WHAT THE TASK ASKS —
Each record is to be copied exactly, with its pictures left behind.

== Segment start ==

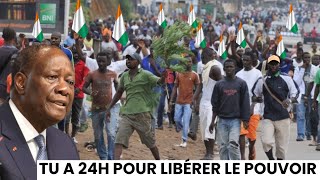 Côte d'Ivoire : Le Peuple Exige la Démission de Ouattara !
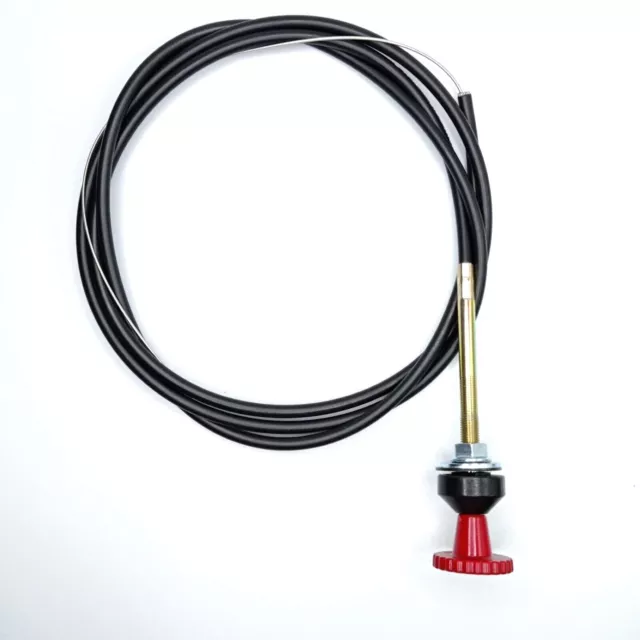 21QB3249RP76 Clutch Output Engine Stop Cable Control 76-Inch Replacement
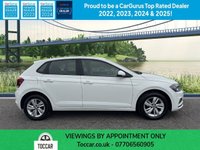 USED 2018 18 VOLKSWAGEN POLO 1.0 TSI SE Hatchback 5dr Petrol Manual Euro 6 (s/s) (95 ps) NEW TYRES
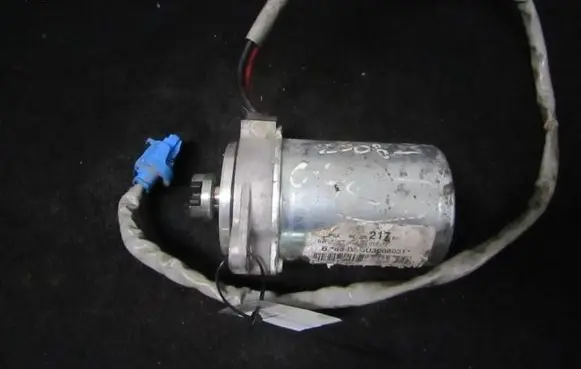 Citroen C2 Power steering pump DASU3008031 9665433880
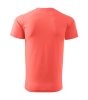 Heavy New póló unisex coral XS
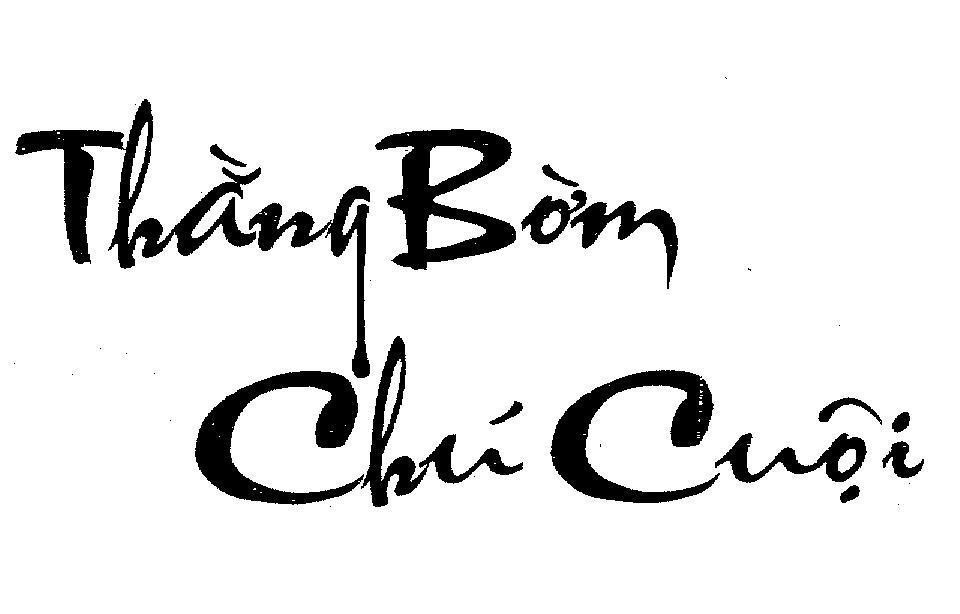 Mẫu nhãn hiệu Thằng Bờm Chú Cuội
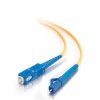 OPTIX LC/UPC-SC/UPC Optický patch cord 09/125 1m Simplex G657A
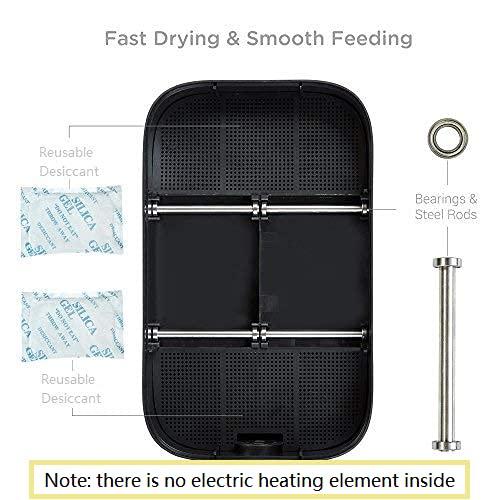 Polymaker Filament Storage Box for 2x1kg Spools or 3kg Spool- PolyBox Edition II 3D Printer Filament Holder 3D Printing Filament Spool Storage Box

== Segment end ==

ANSWER TO THE EXERCISE —
 Côte d'Ivoire : Le Peuple Exige la Démission de Ouattara !
 21QB3249RP76 Clutch Output Engine Stop Cable Control 76-Inch Replacement
 USED 2018 18 VOLKSWAGEN POLO 1.0 TSI SE Hatchback 5dr Petrol Manual Euro 6 (s/s) (95 ps) NEW TYRES
 Citroen C2 Power steering pump DASU3008031 9665433880
 Heavy New póló unisex coral XS
 Mẫu nhãn hiệu Thằng Bờm Chú Cuội
 OPTIX LC/UPC-SC/UPC Optický patch cord 09/125 1m Simplex G657A
 Polymaker Filament Storage Box for 2x1kg Spools or 3kg Spool- PolyBox Edition II 3D Printer Filament Holder 3D Printing Filament Spool Storage Box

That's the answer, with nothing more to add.